Rheumatoid arthritis is a chronic autoimmune disease. When you have an autoimmune disease, it means that your body attacks its own tissues. With rheumatoid arthritis, the immune cells attack the synovial cells causing them to swell. Overtime, the attack will damage the bone, cartilage, ligaments and tendons. The cause of rheumatoid arthritis is not known. It is not strictly an inherited disease but a person’s genes may be susceptible to the disease. The disease usually has an environmental factor or infection that serves to “wake up” the disease.
The third type of arthritis is post-traumatic arthritis. This is arthritis that is the result of an injury to the foot or ankle. The type of injuries that can damage the bones like dislocations or fractures can lead to post traumatic arthritis. This type of arthritis can develop many years after the initial injury. Even property treated injuries can result in arthritis developing. Statistically, an injured joint is about seven times more likely to develop arthritis.
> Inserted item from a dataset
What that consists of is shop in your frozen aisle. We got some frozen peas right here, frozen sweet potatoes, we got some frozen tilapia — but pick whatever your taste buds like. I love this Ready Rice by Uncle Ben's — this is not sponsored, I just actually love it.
How can I tell if I have arthritis?
Pain is usually the first indicator. If you experience pain when you are in motion or if you see that there is an area of your foot that is tender when you apply pressure to it, you may have an arthritic joint. If your joints are swelling, red, and warm to the touch, you could have arthritis. Another key indicator is if you have pain when you get up in the morning or after you have been sitting for a while. If you feel pain either when you are moving or sometimes even when you aren’t, you should go see your friendly local podiatrist and have the doctor check your foot. In many cases, the doctor will have an x ray taken of your foot so that the joints in your feet will be visible.
What can be done?
There are several non-surgical treatments that your doctor can discuss with you. They might begin with lifestyle changes like avoiding the exercises that aggravate the joints. The doctor might also suggest that you go to physical therapy to help strengthen the muscles to improve your range of motion and flexibility. An individualized exercise plan can be developed.
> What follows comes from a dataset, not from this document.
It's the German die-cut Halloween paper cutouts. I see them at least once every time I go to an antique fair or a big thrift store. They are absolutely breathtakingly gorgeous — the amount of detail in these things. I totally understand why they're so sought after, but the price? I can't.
Depending upon where the joint is, it may be that an orthotic device for your shoes could help ease the stress on the joint. Or perhaps using a cane or a brace would help you.
Also taking NSAIDS (ibuprofen or naproxen), if you can tolerate them, and help some people. Shots of cortisone are also temporary but effective at reducing the inflammation and pain.
If those changes and treatments are not effective for you then your doctor may discuss surgical intervention. Surgeries for the treatment of arthritis are varied and depend upon the patient.
While arthritis is a common disease, the arthritis you have is personal to you. You need relief. Going to the doctor sooner rather than later will not only save your some pain but it may help you maintain your current lifestyle longer.